Tarantino however, in his statement, does not explicitly paint all police officers as murderers nor does he assume they are.

Lally added, “We fully support this boycott of Quentin Tarantino films. Hateful rhetoric dehumanizes police and encourages attacks on us. And questioning everything we do threatens public safety by discouraging officers from putting themselves in positions where their legitimate actions could be falsely portrayed as thuggery.”

One can only imagine how many truly incendiary remarks were made by others during the rally on Saturday, but it was Tarantino’s softer statement that stirred the most response. Rallies and marches aren’t rare occurences for police departments, nor are the much more harsh and sometimes undeserving jabs sent their way. But when police unions in two of the largest cities in the country decide to issue a boycott, one has to wonder whether the two groups are taking aim at Tarantino solitarily because of his words, or because of who he is and what he does. And even then, is there any weight or relevancy to that? What’s worse is that the subsequent boycotting of his films overlooks the real issue at hand and discredits not only efforts by police to improve relations, but also the collective sentiments from that rally.
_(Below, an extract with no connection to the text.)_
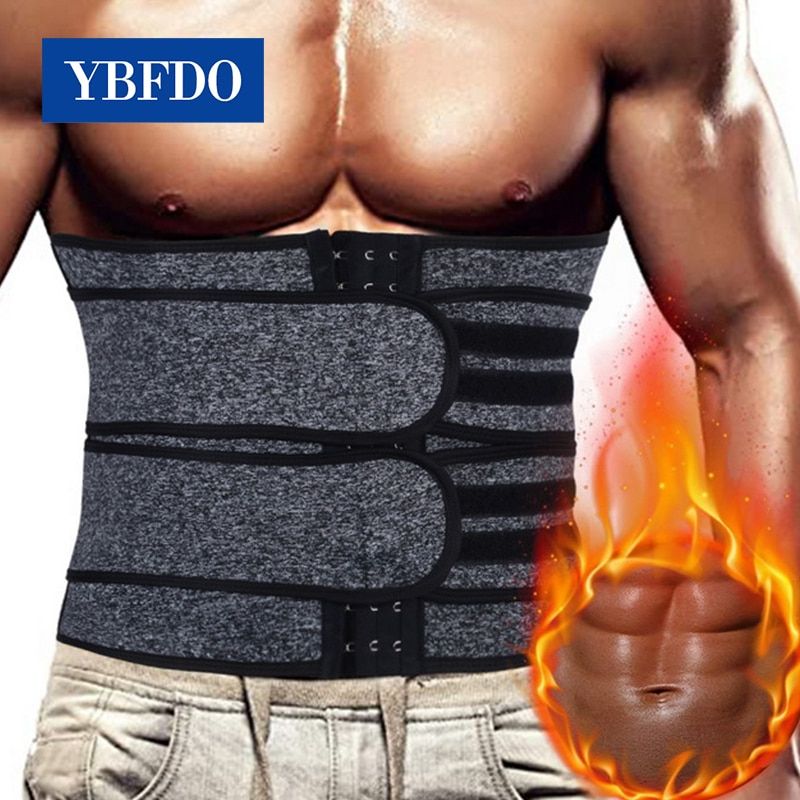Men Sauna Sweat Trimmer Modeling Ss Compression Girdle Weight Loss Waist Trainer Slimming Body Shaper Fitness Belt-Single Belt Black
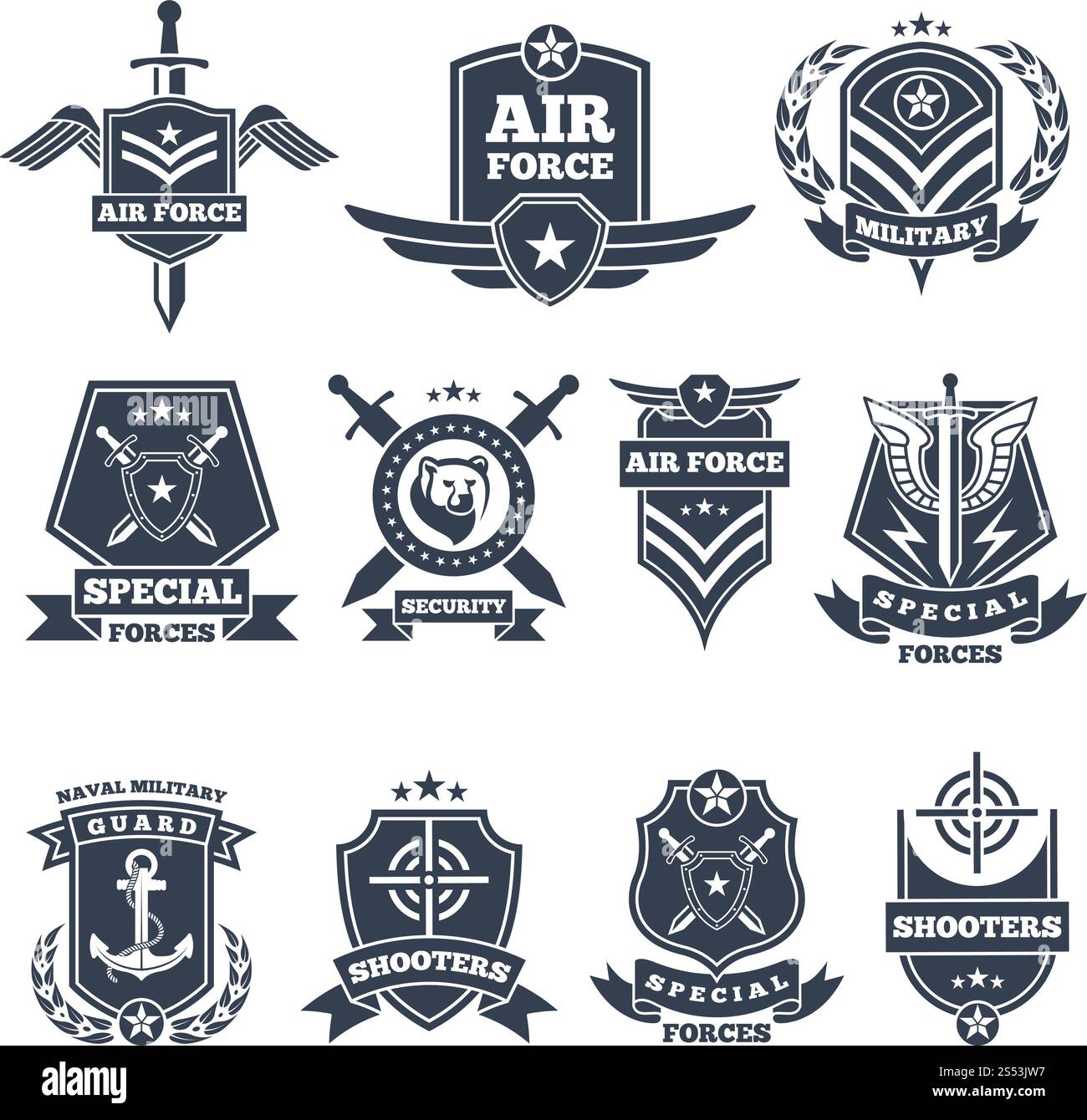 Militärische Logos und Abzeichen. Armeesymbole isoliert auf weißem Hintergrund. Militärabzeichen, Illustration der Luftfahrt der Spezialeinheit. Militärische Logos und Abzeichen. Armeesymbole isoliert auf weißem Hintergrund Stock Vektor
Police across the country are facing an uphill battle as they try to deconstruct a damning stigma that has never been more pervasive, especially with the capabilities of social media. The steep degree of the proverbial hill only gets steeper when large organizations representing these police damage their own efforts by acting petulantly, retaliating against Tarantino simply because of who he is and what he does, and also because he’s the only one with anything tangible to exusably damage back.